— Task directions —
Provide only the number of lines in the listing that contain the string "Toyota".

# # # #

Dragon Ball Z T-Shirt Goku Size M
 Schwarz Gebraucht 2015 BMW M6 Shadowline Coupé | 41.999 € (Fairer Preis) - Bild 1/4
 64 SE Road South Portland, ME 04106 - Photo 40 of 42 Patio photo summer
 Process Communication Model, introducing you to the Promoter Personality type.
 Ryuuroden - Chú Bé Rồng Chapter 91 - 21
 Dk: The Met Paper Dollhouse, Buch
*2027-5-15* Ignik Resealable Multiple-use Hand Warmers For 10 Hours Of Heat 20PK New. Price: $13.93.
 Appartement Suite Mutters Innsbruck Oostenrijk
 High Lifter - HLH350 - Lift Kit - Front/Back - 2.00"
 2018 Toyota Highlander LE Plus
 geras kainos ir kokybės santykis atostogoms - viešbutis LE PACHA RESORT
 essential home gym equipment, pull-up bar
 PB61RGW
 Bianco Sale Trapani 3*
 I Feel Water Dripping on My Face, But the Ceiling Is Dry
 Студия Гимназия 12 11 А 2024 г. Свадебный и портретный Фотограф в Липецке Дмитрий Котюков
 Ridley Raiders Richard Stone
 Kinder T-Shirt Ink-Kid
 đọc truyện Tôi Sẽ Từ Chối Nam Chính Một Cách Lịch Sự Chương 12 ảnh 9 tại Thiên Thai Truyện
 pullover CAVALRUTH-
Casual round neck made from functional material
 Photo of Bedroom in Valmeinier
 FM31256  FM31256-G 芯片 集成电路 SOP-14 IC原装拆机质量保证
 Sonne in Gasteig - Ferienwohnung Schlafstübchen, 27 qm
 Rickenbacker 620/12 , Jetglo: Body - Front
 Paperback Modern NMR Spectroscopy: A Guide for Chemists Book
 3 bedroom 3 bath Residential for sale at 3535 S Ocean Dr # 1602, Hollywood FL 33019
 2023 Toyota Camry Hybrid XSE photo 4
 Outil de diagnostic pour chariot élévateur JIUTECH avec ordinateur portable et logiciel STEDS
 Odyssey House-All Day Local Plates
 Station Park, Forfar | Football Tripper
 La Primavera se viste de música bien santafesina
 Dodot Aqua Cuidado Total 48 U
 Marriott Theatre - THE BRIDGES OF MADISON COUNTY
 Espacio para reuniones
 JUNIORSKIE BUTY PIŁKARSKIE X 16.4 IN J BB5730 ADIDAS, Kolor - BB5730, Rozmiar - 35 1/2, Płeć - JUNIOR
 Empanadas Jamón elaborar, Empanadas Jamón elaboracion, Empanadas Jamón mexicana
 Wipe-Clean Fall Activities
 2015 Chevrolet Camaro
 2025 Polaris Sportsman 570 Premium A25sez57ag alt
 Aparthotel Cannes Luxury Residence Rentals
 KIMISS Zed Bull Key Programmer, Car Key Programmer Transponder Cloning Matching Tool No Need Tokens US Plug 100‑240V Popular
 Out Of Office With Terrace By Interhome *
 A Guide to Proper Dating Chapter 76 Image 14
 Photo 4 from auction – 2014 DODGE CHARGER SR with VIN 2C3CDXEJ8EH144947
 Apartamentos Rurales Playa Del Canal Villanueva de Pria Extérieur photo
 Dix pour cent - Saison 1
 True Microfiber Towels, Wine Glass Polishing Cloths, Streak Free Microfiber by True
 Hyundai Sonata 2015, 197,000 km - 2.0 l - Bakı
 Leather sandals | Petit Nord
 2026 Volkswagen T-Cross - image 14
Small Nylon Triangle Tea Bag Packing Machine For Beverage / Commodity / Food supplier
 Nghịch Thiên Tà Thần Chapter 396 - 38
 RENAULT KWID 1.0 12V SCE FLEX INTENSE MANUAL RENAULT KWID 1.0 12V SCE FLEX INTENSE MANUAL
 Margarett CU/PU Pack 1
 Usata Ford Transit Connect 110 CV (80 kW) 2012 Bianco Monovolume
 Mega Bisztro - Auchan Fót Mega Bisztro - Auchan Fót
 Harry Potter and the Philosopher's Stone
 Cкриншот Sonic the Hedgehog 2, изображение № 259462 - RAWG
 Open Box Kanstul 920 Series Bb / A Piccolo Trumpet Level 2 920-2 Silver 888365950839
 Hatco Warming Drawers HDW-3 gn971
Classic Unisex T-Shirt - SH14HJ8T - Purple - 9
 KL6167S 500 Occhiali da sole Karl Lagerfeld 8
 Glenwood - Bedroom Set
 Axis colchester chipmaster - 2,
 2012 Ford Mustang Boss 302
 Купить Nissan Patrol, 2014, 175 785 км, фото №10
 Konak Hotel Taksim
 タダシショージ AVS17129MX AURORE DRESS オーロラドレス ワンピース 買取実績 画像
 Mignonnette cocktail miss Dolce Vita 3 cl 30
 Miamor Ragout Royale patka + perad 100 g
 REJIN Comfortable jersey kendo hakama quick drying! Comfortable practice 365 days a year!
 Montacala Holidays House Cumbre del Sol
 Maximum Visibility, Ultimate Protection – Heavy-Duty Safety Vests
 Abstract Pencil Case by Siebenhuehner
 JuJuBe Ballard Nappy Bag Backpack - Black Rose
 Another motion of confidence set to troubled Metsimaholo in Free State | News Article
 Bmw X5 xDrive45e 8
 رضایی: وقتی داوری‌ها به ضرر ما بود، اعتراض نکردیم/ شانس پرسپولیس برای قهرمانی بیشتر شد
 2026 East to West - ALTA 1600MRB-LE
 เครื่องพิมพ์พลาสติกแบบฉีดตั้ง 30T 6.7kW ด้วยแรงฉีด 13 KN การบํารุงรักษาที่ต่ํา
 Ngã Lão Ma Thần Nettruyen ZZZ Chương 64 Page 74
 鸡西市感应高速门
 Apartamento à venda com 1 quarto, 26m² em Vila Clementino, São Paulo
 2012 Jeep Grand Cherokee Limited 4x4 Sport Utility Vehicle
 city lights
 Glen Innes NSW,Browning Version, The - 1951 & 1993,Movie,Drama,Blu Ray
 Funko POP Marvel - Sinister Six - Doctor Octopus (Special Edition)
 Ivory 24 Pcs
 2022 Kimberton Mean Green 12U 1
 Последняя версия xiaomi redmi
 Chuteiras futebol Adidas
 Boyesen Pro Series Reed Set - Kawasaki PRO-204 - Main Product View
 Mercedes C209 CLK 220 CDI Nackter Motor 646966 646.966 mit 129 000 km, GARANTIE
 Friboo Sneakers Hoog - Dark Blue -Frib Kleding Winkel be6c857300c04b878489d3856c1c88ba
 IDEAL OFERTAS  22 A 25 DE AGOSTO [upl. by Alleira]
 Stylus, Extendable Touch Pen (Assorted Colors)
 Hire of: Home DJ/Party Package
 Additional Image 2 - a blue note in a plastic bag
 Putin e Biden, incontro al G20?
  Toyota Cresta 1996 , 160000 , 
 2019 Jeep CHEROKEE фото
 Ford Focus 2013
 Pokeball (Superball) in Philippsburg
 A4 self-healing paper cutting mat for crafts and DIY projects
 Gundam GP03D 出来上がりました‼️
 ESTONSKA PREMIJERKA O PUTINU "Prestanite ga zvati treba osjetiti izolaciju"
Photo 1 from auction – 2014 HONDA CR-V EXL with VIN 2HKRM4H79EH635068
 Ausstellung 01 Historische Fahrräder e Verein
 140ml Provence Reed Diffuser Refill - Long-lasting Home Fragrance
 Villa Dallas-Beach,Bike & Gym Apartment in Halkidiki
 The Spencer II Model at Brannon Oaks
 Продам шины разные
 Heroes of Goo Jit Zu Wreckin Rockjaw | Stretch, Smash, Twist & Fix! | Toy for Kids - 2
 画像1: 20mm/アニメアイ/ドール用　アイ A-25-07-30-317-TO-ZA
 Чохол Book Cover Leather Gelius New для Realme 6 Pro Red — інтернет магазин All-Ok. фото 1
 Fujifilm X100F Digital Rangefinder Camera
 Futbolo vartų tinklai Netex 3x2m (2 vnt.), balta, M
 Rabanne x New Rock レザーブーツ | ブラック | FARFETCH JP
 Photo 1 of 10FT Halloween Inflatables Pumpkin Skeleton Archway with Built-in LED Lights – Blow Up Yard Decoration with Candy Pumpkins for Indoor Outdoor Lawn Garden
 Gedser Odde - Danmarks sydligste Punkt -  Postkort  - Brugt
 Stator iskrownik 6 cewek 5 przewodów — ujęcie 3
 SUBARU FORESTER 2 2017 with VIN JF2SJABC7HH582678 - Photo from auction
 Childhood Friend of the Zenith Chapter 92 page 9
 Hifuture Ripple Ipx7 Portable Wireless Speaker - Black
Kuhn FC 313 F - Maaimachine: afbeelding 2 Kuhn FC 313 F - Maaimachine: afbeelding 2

# # # #

— The completed task —
3